WHAT NEEDS TO BE DONE | Pictures aside, repeat every entry exactly.

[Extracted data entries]

---

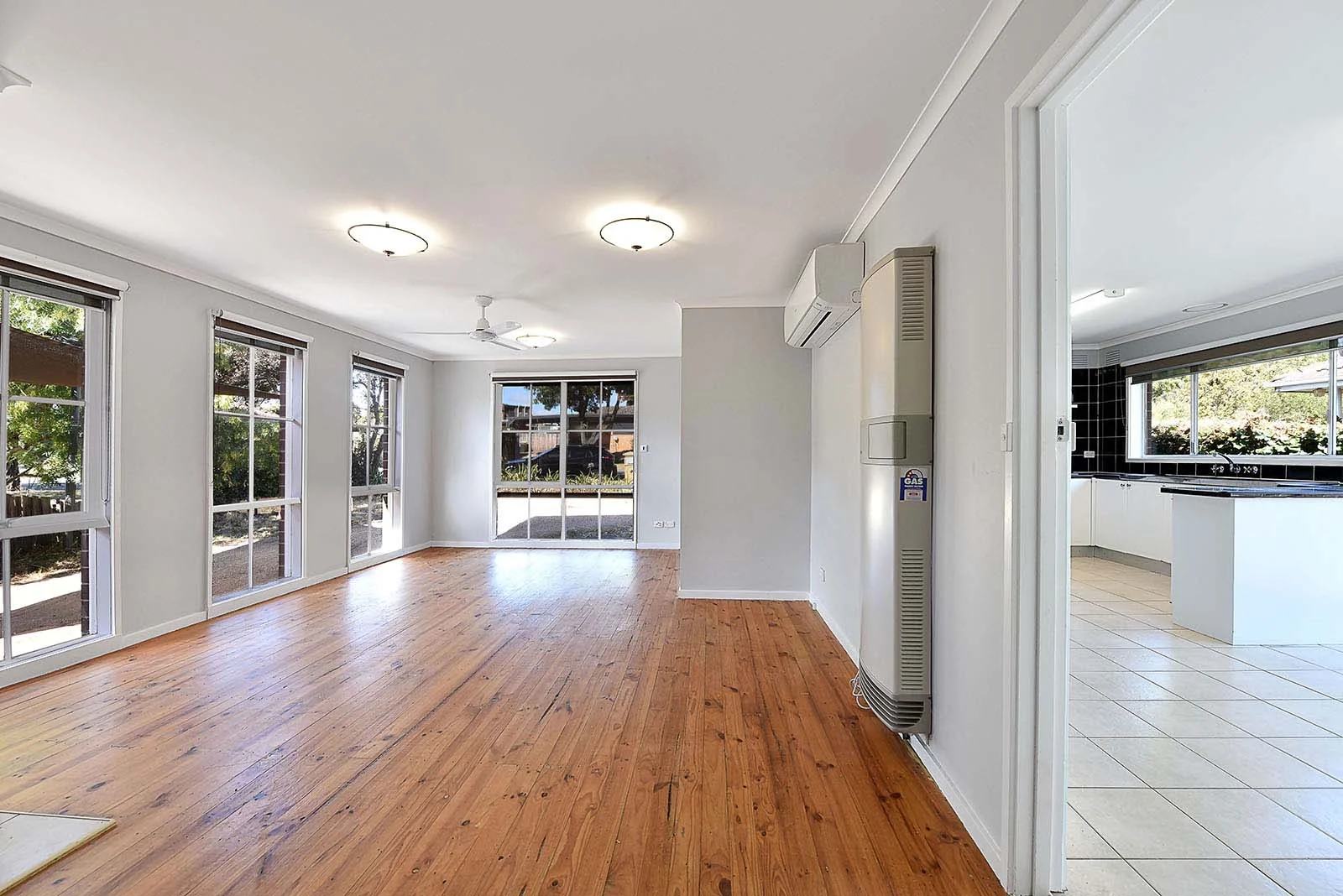 Additional image 2 of 50 Heysen Drive, Sunbury VIC 3429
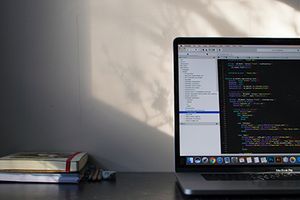 6 Tips for Building a Website That Converts-Thumb.jpg
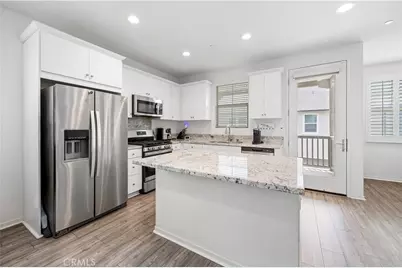 15977 Main, Chino, CA 91708 - Photo 7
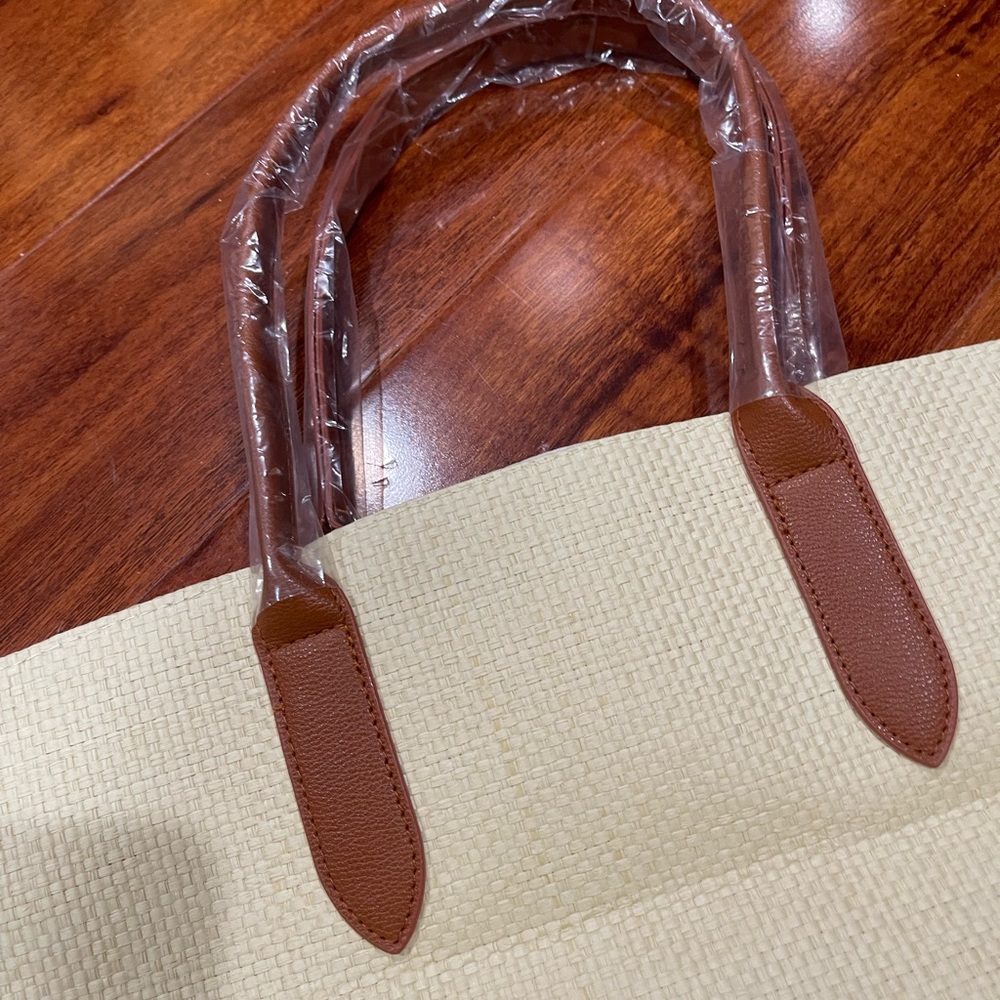 Tote bag New - Picture 3 of 7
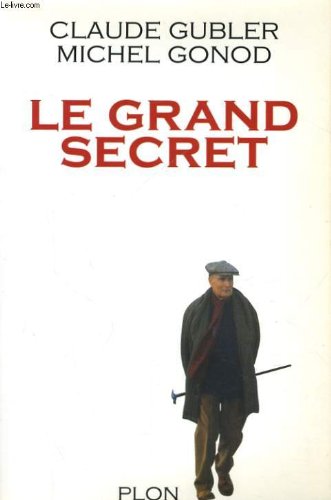 Le  grand secret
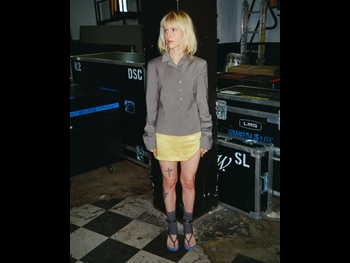  alt="Hayley Williams (iii)"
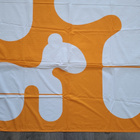 Eero Aarnio PONY kangas 205 x 140 cm - pikkukuva 3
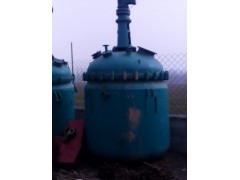 各种二手化工设备低价出售图2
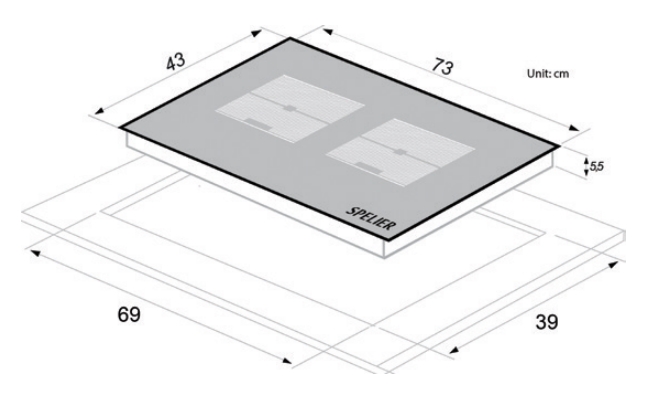 bep-tu-spelier-spm-t88k-plus-bv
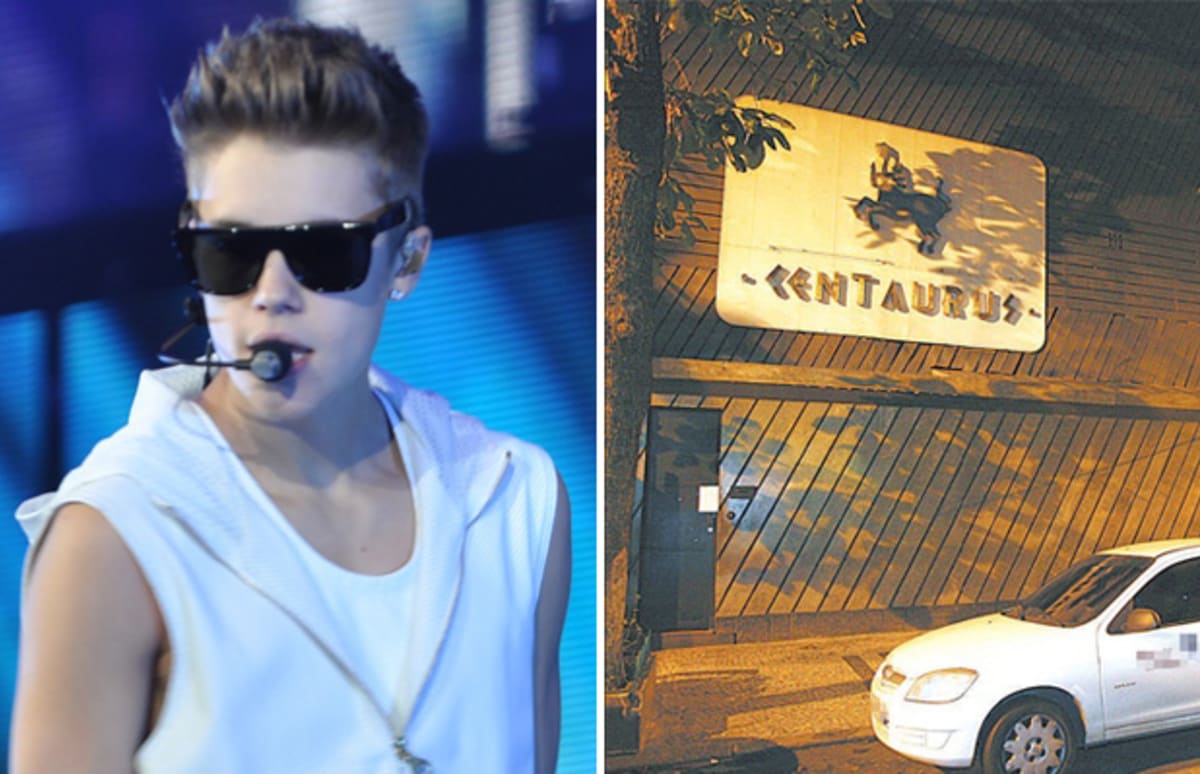 justin bieber hook up in brazil justin bieber hook up in brazil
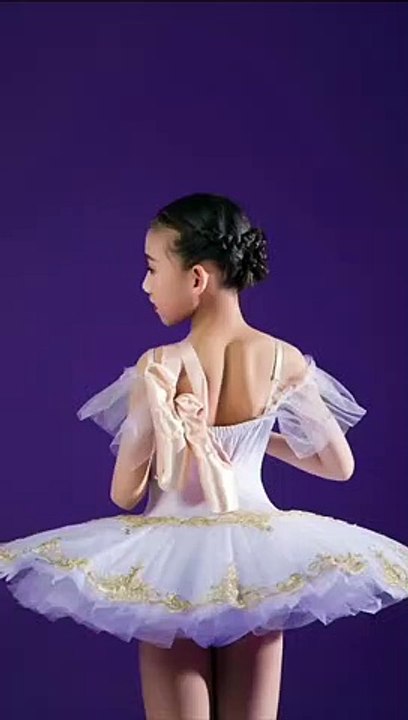 As long as you believe in yourself, there will always be surprises! There are things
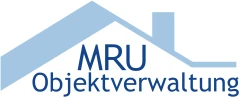 MRU Haus- und Objektverwaltung GmbH Straubing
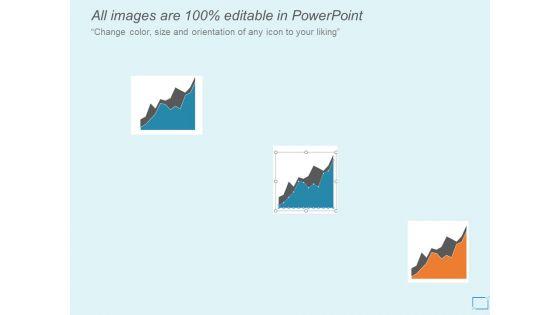 Stacked_Area_Clustered_Column_Ppt_PowerPoint_Presentation_Styles_Template_Slide_3.jpg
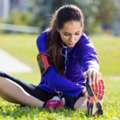 Orthopedic Surgeon In New York | Sports Medicine Specialist NYC
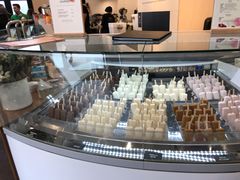 -Patagonia Chocolates(皇后镇店)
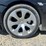 #60870-•-2006-bmw-650ci-convertible-coupe-image-81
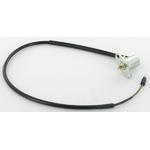 ?f=HO16200ZJ1003-1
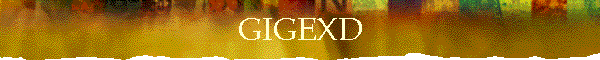 GIGEXD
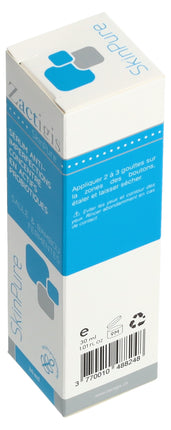 Spinner Image 1028134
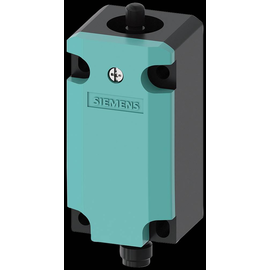 3SE51140CA001AC5 Siemens Basisschalter für Positionsschalter 3SE51, Metallg. 4 Produktbild front M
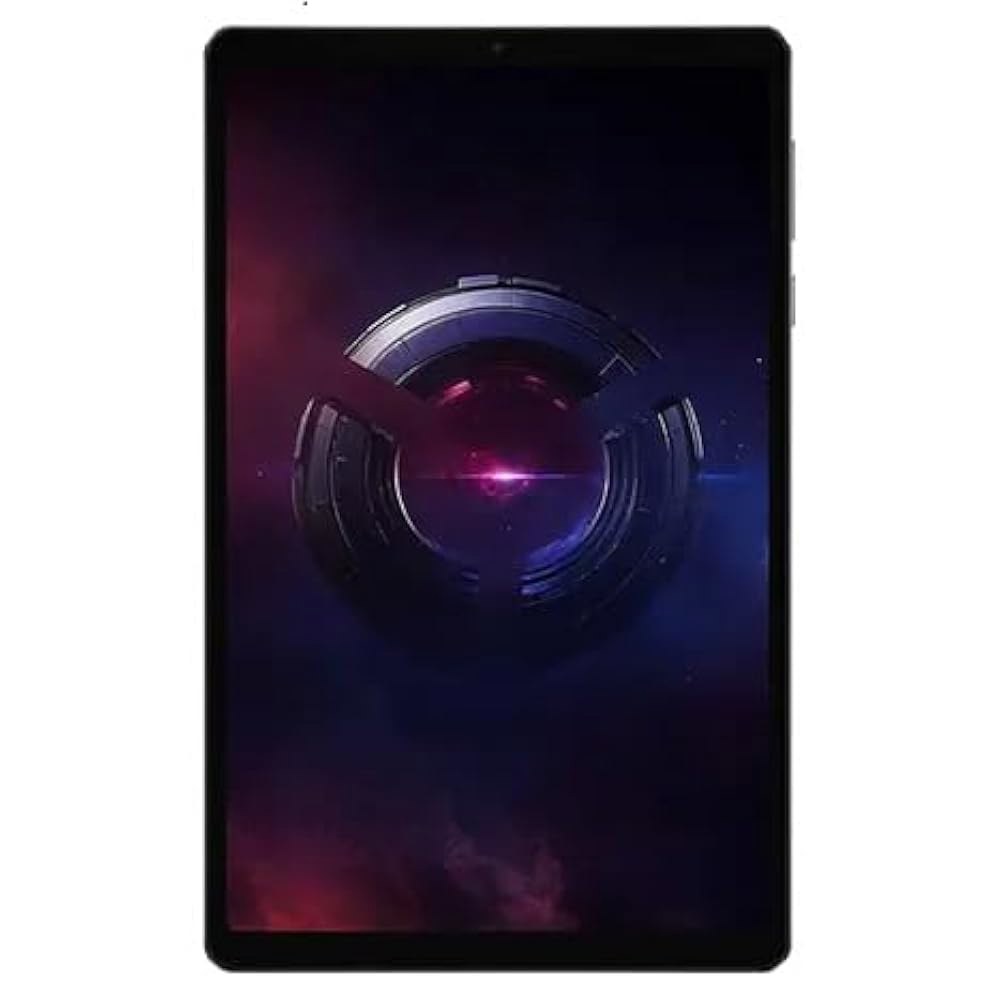 Lenovo 8.8 Legion Tab Gen 12 프로세서 Tablet 8 Android 3 Gaming ZAEF0068US Qualcomm (납땜) (3.30GHz) Snapd - 상세 이미지 2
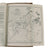 Original U.S. WWII Restricted Special Report of Maps for Invasion of Japan - September 1945 - Named to Lt. Joffre L Coe Original Items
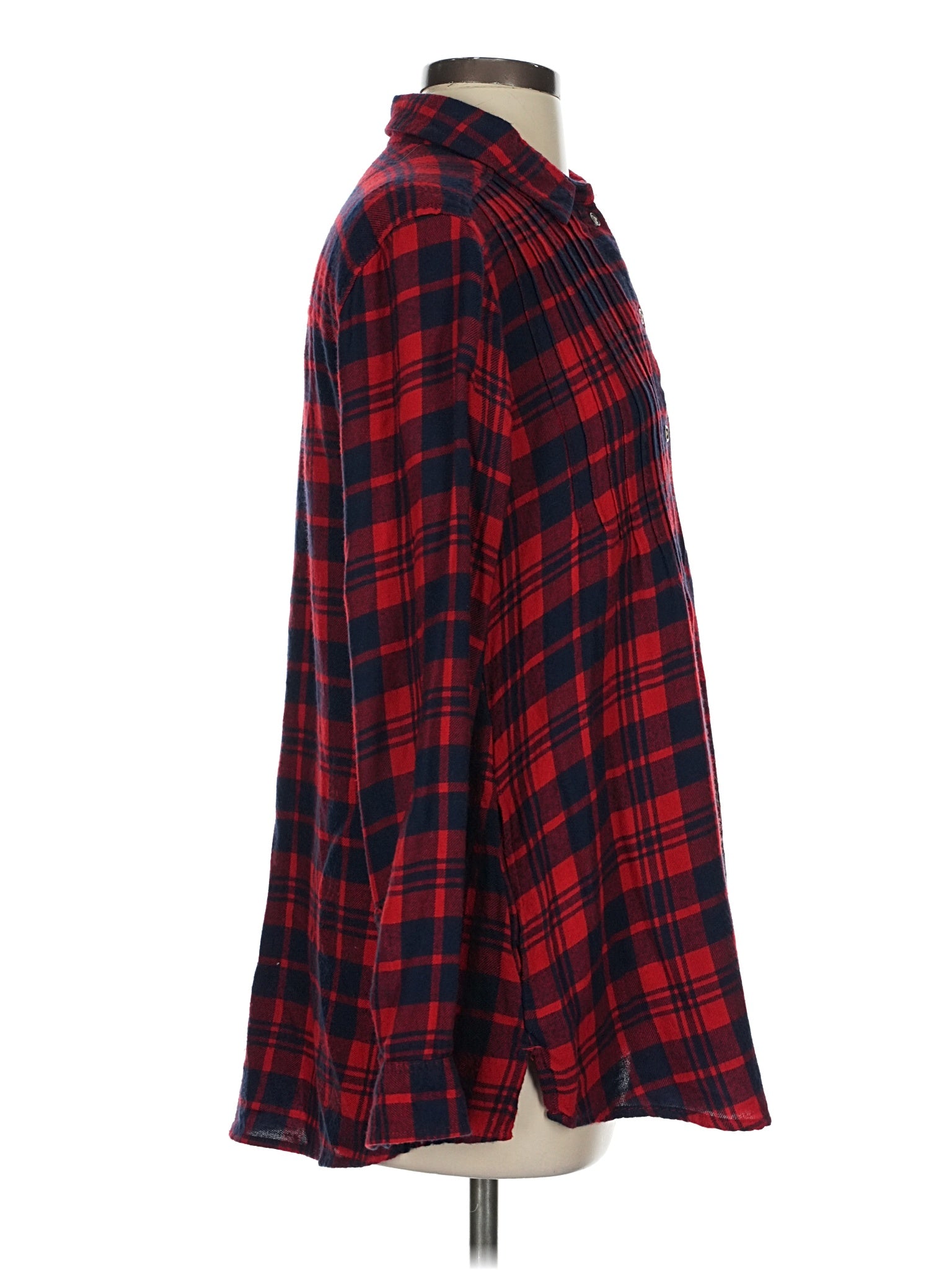 3 size - S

---

SOLVED PROBLEM |
 Additional image 2 of 50 Heysen Drive, Sunbury VIC 3429
 6 Tips for Building a Website That Converts-Thumb.jpg
 15977 Main, Chino, CA 91708 - Photo 7
 Tote bag New - Picture 3 of 7
 Le  grand secret
  alt="Hayley Williams (iii)"
 Eero Aarnio PONY kangas 205 x 140 cm - pikkukuva 3
 各种二手化工设备低价出售图2
 bep-tu-spelier-spm-t88k-plus-bv
 justin bieber hook up in brazil justin bieber hook up in brazil
 As long as you believe in yourself, there will always be surprises! There are things
 MRU Haus- und Objektverwaltung GmbH Straubing
 Stacked_Area_Clustered_Column_Ppt_PowerPoint_Presentation_Styles_Template_Slide_3.jpg
 Orthopedic Surgeon In New York | Sports Medicine Specialist NYC
 -Patagonia Chocolates(皇后镇店)
 #60870-•-2006-bmw-650ci-convertible-coupe-image-81
 ?f=HO16200ZJ1003-1
 GIGEXD
 Spinner Image 1028134
 3SE51140CA001AC5 Siemens Basisschalter für Positionsschalter 3SE51, Metallg. 4 Produktbild front M
 Lenovo 8.8 Legion Tab Gen 12 프로세서 Tablet 8 Android 3 Gaming ZAEF0068US Qualcomm (납땜) (3.30GHz) Snapd - 상세 이미지 2
 Original U.S. WWII Restricted Special Report of Maps for Invasion of Japan - September 1945 - Named to Lt. Joffre L Coe Original Items
 3 size - S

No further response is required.